» **Dataset excerpt**
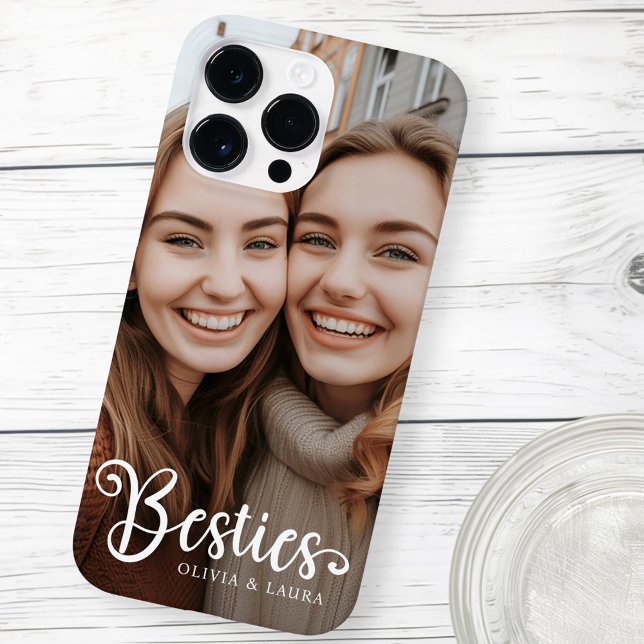 Coques Case-Mate iPhone Besoins meilleurs amis personnalisation noms photo (Besties best friends custom names photo Case-Mate iPhone case)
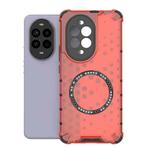 For Huawei nova 13 Pro 5G Honeycomb Magnetic Ring Shockproof Phone Case(Red)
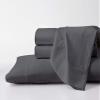 Pure Egyptian Full-XL Size Cotton Bed Sheets Set 1000 Thread Count Bedding and Pillowcases  Egyptian Cotton Sheets Full-XL Size Bed- Sateen Sheets -15" Inch Deep Pocket Full-XL Sheets - Dark Grey view 1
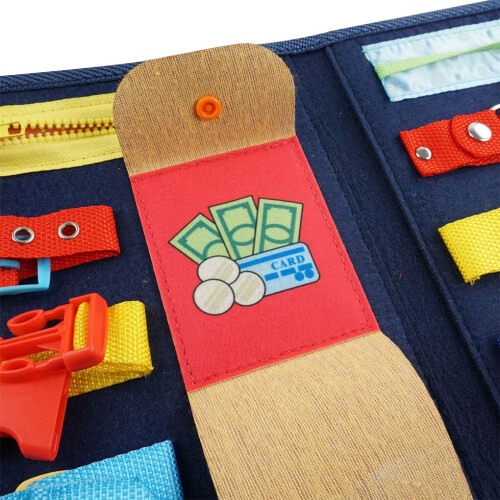 Toddler Busy Board Montessori Basic Skills Board 2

» **Action item**
Could you return, word for word, every line from the line with "For Huawei nova" through the last line of the listing above, both ends included, without any pictures?

» **Exercise solution**
 For Huawei nova 13 Pro 5G Honeycomb Magnetic Ring Shockproof Phone Case(Red)
 Pure Egyptian Full-XL Size Cotton Bed Sheets Set 1000 Thread Count Bedding and Pillowcases  Egyptian Cotton Sheets Full-XL Size Bed- Sateen Sheets -15" Inch Deep Pocket Full-XL Sheets - Dark Grey view 1
 Toddler Busy Board Montessori Basic Skills Board 2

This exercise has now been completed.